Print nothing but the lines below starting at the line that holds "Obraz premium fog" and ending at the line that holds "Craftsman electric pressure", including both, each exactly as written.

-- Material for this task --
• • • •

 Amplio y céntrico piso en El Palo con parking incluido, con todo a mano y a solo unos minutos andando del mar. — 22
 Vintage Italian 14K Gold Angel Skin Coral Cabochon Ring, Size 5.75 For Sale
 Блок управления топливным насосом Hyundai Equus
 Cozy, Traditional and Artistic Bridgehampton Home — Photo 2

• • • •

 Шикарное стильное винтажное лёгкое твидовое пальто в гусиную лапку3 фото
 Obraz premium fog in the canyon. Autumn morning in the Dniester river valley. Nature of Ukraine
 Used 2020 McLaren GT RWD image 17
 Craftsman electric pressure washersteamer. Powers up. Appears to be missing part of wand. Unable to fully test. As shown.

• • • •

-- Finished task --
 Obraz premium fog in the canyon. Autumn morning in the Dniester river valley. Nature of Ukraine
 Used 2020 McLaren GT RWD image 17
 Craftsman electric pressure washersteamer. Powers up. Appears to be missing part of wand. Unable to fully test. As shown.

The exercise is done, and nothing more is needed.